Il frantoio di Isolabona
IL FRANTOIO DI ISOLABONA È presto per assaggiare un buon bicchiere
del vino a suo tempo apprezzato anche da Napoleone, quindi proseguite il
vostro itinerario uscendo dall’abitato di Dolceacqua. Seguite la
deviazione
a sinistra per Rocchetta Nervina, un borgo con una particolare conformazione
a Y perché fortificato tra due impetuosi torrenti montani, che nello scendere
a valle formano una serie di laghetti e di cascate, sui cui si fissa lo
sguardo. Rientrando sulla strada provinciale della Val Nervia incontrate
Isolabona: lì, in una piazzetta del centro storico, in un vecchio frantoio,
che si trova accanto ad un’antica fontana del XV secolo, vi aspetta
l’aperitivo.
E, tra una chiacchiera e una battuta, è arrivato finalmente il momento
di degustare un bel bicchiere di Rossese accompagnato da alcuni dei prodotti
del frantoio: le olive taggiasche dell’alta Val Nervia, i pomodori secchi
sott’olio, il patè di olive e di carciofi e il pesto.
Pigna e le sue terre
PIGNA E LA SUE TERRE Riaccesa la moto, proseguite per Pigna, il
capoluogo
storico e artistico di valle, lungo una strada veloce e scorrevole con
curve sinuose ma non impegnative. Il paese si presenta come un grappolo
di case ed è caratterizzato dai “chibi” (stretti viottoli scuri) sui
quali svetta la mole del campanile medioevale. Siete in montagna, nonostante
il mare sia a pochi chilometri di distanza da voi. Il panorama colpisce:
le alture impervie fanno da contrasto ai boschi di castagni e roveri e
alle colture di ulivi. Ma Pigna è famosa per la qualità e l’unicità di
un prodotto della sua terra: i fagioli bianchi di Pigna sono considerati
i più buoni al mondo. A fondo valle, in corrispondenza di una sorgente
di acqua sulfurea, si trovano le antiche terme, dove vi potete rilassare
con trattamenti di crenoterapia, utili nella cura della pelle e
dell’estetica.
Apricale
APRICALE Ultima tappa della Val Nervia prima di ritornare sui vostri
passi fino alla deviazione per Apricale, è Castel Vittorio.

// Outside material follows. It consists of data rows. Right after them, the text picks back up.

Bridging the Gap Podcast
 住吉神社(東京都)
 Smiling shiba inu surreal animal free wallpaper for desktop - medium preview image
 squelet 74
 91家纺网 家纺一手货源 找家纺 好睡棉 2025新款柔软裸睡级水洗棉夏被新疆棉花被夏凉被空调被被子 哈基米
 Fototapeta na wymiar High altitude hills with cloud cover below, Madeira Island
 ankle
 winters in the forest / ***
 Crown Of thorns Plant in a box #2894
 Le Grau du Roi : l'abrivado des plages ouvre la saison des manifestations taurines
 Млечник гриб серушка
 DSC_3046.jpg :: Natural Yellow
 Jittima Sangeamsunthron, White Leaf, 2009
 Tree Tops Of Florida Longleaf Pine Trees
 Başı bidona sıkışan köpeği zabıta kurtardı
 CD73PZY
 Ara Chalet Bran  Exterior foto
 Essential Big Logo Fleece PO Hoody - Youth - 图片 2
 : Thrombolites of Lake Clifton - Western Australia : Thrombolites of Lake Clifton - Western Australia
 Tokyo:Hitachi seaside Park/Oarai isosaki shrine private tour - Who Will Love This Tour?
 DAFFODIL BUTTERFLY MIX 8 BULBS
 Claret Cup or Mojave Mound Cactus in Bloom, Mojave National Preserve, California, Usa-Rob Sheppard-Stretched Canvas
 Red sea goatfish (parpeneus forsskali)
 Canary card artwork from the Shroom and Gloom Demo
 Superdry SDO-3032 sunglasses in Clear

Posizionato
su uno sperone di roccia sulla via di accesso all’alta Val Nervia,
conserva
tutt’oggi la struttura ellittica e compatta di presidio militare
medioevale.
La visita al centro storico si snoda tra viottoli in forte pendenza, passaggi
coperti e scalinate a gradoni. Ripercorrete in discesa i tornanti che vi
hanno condotto a Castel Vittorio e riattraversate l’abitato di Pigna fino
ad arrivare al bivio per Apricale, nel centro di Isolabona. Usciti da una
piccola galleria, vi aspettano pochi chilometri di belle e panoramiche
curve. All’improvviso, dietro ad una curva, vi appare Apricale,
appollaiata
su un pendio e circondata dagli ulivi. L’aspetto scenografico
dell’abitato,
il più caratteristico dei “villaggi di pietra” che avete incontrato
finora,
ha incantato nel tempo poeti, scrittori e pittori di fama che hanno contribuito
al soprannome di “borgo d’artisti”. La struttura urbanistica
medioevale
completamente conservata culmina nella piazzetta principale a forma di
anfiteatro, dove si trovano, come fossero le quinte di un teatro, il castello
e la chiesa parrocchiale. I carrugi affrescati, le ripidissime scalinate
trasversali, gli scorci fioriti e i passaggi uniti fra loro da archi,
costituiscono
un patrimonio architettonico unico che ha reso Apricale il primo comune
ligure riconosciuto dal 2002 con il titolo di “Borgo più bello
d’Italia”.
Ma non è tutto: Apricale è anche “città dell’olio”, sulla via
omonima,
e ha una tradizione di specialità gastronomiche tipiche di questo fertile
entroterra. Con questi presupposti non vi resta che concludere qui la vostra
giornata, gustandovi una succulenta cena e godendovi un meritato riposo
nella tranquillità di un luogo d’altri tempi. Anche se amiamo la moto,
questa volta ripartiamo a fatica: abbandonare questi ricami di architettura
e questi piaceri enogastronomici, è un vero peccato... di gola!